**Prompt:** Once the line with "Volkswagen VW Tiguan" is found in the entries below, repeat it and each following line exactly, up to and including the line with "Arcade Archives THUNDER DRAGON: скриншот 8". Add no other lines.

[Short text fragments from websites]
○ ○ ○ ○ ○
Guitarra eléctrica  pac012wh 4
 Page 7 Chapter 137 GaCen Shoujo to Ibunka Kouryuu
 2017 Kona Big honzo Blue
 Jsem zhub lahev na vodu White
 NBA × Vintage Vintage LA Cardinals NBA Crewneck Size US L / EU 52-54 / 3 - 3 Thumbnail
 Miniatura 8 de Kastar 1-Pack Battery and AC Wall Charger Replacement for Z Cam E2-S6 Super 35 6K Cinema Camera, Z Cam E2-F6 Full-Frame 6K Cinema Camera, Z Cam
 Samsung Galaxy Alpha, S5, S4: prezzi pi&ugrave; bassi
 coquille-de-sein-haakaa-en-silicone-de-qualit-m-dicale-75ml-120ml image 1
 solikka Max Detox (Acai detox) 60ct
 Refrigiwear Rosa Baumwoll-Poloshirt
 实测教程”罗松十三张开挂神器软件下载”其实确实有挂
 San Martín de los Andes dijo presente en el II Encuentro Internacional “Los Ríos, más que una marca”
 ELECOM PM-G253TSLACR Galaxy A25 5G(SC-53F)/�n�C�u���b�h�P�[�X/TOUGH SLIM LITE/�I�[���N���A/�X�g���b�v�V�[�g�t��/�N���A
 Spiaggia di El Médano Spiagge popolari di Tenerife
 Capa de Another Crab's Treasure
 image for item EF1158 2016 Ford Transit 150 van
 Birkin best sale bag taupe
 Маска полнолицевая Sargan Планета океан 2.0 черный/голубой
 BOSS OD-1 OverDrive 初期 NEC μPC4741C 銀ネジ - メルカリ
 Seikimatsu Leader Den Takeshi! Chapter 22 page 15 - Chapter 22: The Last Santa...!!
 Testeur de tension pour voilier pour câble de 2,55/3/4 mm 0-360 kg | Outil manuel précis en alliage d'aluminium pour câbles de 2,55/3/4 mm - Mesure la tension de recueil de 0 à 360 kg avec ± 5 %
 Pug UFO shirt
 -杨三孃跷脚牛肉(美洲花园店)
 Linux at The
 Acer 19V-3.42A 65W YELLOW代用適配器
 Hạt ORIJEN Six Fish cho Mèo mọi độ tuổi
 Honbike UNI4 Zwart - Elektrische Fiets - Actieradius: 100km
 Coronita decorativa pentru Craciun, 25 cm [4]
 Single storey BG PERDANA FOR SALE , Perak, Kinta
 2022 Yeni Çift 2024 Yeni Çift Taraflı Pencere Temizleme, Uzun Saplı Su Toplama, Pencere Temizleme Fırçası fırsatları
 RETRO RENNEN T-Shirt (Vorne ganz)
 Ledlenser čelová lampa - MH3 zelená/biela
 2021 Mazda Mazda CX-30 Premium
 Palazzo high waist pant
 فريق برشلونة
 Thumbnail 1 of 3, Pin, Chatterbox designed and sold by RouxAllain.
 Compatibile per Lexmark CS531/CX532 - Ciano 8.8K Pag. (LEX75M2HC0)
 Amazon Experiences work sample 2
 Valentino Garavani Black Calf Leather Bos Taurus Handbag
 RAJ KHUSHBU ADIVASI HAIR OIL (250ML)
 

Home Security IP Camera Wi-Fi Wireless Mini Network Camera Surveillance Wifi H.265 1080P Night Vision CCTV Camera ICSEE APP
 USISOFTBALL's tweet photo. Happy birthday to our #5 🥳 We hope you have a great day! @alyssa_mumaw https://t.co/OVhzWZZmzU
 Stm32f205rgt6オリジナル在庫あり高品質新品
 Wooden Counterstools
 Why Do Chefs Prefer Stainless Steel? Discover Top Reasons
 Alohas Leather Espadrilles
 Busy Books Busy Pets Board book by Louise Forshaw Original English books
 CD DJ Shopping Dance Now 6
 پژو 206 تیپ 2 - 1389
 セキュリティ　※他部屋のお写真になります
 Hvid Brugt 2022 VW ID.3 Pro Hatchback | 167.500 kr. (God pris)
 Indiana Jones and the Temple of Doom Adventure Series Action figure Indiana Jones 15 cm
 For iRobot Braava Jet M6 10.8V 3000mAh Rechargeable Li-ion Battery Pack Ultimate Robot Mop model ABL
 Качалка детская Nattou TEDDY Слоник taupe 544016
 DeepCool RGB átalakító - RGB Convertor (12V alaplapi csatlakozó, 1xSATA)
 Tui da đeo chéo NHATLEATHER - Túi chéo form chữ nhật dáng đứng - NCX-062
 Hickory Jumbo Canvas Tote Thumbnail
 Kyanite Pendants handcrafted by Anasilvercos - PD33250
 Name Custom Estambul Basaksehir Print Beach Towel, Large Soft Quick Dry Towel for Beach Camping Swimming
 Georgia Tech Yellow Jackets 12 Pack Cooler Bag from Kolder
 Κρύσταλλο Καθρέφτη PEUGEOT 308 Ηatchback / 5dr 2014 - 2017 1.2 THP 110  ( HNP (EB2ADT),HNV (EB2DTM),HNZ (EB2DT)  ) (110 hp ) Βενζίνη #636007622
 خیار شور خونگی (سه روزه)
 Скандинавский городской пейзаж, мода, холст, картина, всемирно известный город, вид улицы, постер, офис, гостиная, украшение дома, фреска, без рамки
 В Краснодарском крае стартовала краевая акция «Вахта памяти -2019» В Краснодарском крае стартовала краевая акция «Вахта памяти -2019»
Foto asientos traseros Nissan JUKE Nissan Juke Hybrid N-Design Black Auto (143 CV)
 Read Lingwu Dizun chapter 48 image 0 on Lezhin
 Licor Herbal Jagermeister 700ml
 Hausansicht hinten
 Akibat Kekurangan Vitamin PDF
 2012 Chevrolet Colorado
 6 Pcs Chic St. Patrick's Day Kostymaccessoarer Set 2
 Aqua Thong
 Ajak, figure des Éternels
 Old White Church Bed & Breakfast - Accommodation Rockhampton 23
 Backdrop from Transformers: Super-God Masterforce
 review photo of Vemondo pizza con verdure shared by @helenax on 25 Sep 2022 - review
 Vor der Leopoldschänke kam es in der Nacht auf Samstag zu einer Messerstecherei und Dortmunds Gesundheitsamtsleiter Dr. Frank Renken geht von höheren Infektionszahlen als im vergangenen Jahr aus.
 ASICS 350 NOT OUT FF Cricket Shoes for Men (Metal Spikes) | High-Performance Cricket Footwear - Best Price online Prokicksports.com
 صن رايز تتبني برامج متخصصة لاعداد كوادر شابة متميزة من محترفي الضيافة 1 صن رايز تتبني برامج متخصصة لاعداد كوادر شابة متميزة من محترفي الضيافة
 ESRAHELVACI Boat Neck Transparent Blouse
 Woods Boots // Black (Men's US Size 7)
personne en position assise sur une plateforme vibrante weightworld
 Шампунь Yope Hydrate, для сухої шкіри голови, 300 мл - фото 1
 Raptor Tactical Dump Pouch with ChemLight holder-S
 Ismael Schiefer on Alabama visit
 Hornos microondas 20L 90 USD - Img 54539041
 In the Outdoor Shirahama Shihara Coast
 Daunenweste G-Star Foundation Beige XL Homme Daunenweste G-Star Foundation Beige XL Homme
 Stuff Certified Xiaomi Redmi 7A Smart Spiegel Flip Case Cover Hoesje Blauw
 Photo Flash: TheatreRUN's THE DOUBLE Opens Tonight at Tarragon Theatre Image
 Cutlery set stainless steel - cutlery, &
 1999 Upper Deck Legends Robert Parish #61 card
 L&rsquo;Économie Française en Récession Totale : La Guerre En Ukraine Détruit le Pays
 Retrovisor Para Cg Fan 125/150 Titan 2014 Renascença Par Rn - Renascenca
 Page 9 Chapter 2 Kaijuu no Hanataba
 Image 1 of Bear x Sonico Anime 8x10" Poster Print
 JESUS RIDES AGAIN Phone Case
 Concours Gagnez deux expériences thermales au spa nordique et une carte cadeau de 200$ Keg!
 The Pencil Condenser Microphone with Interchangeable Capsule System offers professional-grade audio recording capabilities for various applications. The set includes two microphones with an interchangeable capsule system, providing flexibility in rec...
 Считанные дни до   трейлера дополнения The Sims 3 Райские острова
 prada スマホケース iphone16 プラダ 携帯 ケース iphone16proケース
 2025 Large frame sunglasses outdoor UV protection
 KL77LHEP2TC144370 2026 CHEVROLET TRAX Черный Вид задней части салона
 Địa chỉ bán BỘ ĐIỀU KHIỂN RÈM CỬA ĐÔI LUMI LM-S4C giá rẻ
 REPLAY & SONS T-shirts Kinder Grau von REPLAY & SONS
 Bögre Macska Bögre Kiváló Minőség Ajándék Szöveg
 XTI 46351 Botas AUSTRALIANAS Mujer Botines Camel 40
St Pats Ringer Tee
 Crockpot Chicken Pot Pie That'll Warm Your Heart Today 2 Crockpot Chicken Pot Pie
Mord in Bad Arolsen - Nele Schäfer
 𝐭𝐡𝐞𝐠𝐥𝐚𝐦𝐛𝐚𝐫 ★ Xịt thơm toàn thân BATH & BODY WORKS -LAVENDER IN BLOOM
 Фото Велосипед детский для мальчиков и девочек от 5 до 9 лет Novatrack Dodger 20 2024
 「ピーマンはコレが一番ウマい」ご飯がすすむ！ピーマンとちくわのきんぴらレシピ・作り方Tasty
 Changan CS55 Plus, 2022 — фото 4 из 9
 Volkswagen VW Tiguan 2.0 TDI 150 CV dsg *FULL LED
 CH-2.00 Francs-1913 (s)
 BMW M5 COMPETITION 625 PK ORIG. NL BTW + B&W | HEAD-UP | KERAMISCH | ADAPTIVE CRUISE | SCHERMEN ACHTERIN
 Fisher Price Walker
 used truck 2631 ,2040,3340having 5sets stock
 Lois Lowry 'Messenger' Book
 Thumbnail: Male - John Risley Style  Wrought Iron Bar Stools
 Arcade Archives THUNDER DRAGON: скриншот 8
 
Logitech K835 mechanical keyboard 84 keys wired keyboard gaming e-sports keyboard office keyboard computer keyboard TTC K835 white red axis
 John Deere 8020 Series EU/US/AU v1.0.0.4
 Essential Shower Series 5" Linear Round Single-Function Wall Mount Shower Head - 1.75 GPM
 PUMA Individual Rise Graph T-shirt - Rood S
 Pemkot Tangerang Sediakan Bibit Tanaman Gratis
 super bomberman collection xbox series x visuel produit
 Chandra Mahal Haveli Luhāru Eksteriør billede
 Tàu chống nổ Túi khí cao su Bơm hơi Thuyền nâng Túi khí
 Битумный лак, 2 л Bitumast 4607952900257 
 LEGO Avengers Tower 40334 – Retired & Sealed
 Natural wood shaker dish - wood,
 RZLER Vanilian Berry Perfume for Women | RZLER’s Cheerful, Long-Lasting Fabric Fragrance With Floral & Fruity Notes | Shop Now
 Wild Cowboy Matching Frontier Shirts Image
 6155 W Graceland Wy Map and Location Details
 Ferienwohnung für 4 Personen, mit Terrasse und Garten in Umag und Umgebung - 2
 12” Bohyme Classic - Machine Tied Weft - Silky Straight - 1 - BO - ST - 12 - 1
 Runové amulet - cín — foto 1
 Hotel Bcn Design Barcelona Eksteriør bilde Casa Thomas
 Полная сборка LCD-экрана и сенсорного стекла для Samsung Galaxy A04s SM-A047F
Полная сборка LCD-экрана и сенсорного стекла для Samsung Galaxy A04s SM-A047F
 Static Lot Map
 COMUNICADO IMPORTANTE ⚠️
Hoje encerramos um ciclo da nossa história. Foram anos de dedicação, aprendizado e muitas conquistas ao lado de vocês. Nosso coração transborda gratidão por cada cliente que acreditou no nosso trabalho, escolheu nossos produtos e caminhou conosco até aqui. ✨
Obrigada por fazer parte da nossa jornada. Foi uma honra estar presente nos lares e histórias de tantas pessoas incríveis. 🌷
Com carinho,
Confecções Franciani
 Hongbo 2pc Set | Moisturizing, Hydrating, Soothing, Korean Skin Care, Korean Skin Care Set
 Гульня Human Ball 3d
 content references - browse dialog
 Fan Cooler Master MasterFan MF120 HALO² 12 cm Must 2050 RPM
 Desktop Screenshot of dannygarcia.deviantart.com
○ ○ ○ ○ ○
**Task output:**
 Volkswagen VW Tiguan 2.0 TDI 150 CV dsg *FULL LED
 CH-2.00 Francs-1913 (s)
 BMW M5 COMPETITION 625 PK ORIG. NL BTW + B&W | HEAD-UP | KERAMISCH | ADAPTIVE CRUISE | SCHERMEN ACHTERIN
 Fisher Price Walker
 used truck 2631 ,2040,3340having 5sets stock
 Lois Lowry 'Messenger' Book
 Thumbnail: Male - John Risley Style  Wrought Iron Bar Stools
 Arcade Archives THUNDER DRAGON: скриншот 8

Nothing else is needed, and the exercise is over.